[Opening Dataset excerpt section]
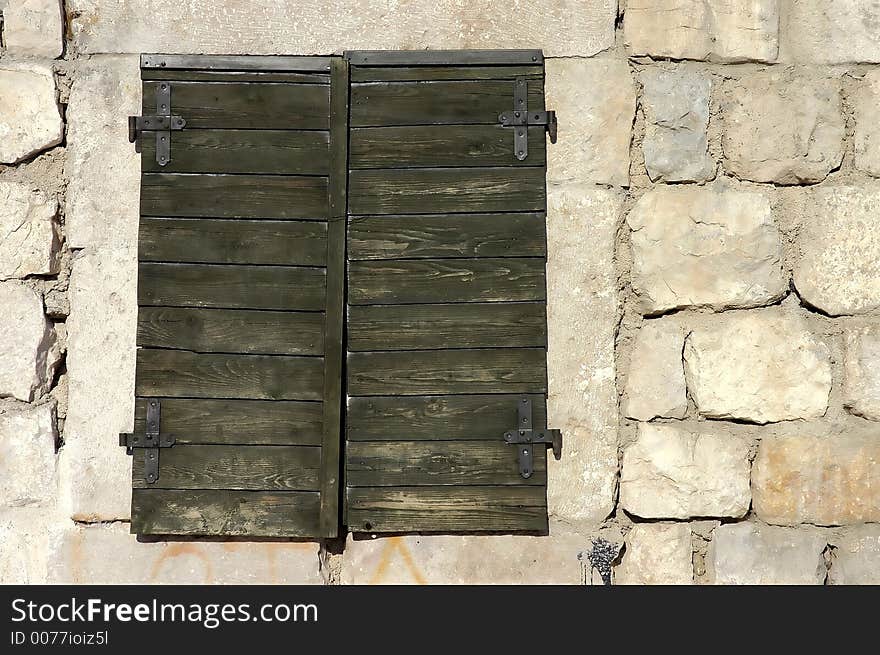 Window on old house in montenegro. Window on old house in montenegro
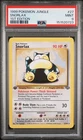 1999 POKEMON JUNGLE 1ST EDITION #27 SNORLAX PSA 9
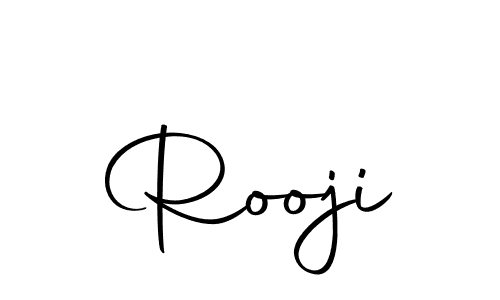 You should practise on your own different ways (Autography-DOLnW) to write your name (Rooji) in signature. don't let someone else do it for you. Rooji signature style 10 images and pictures png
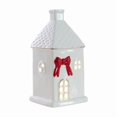 thumbnail image 2 of Christmas Light Up Ceramic Village,Led Lighted White Snow House Porcelain Ornament,Winter Christmas Glowing Decor for Mantel Tabletop, 2 of 6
[Closing Dataset excerpt section]
§ Work instructions
Restating the data word for word is the task, and pictures are to be omitted.

§ Worked solution
 Window on old house in montenegro. Window on old house in montenegro
 1999 POKEMON JUNGLE 1ST EDITION #27 SNORLAX PSA 9
 You should practise on your own different ways (Autography-DOLnW) to write your name (Rooji) in signature. don't let someone else do it for you. Rooji signature style 10 images and pictures png
 thumbnail image 2 of Christmas Light Up Ceramic Village,Led Lighted White Snow House Porcelain Ornament,Winter Christmas Glowing Decor for Mantel Tabletop, 2 of 6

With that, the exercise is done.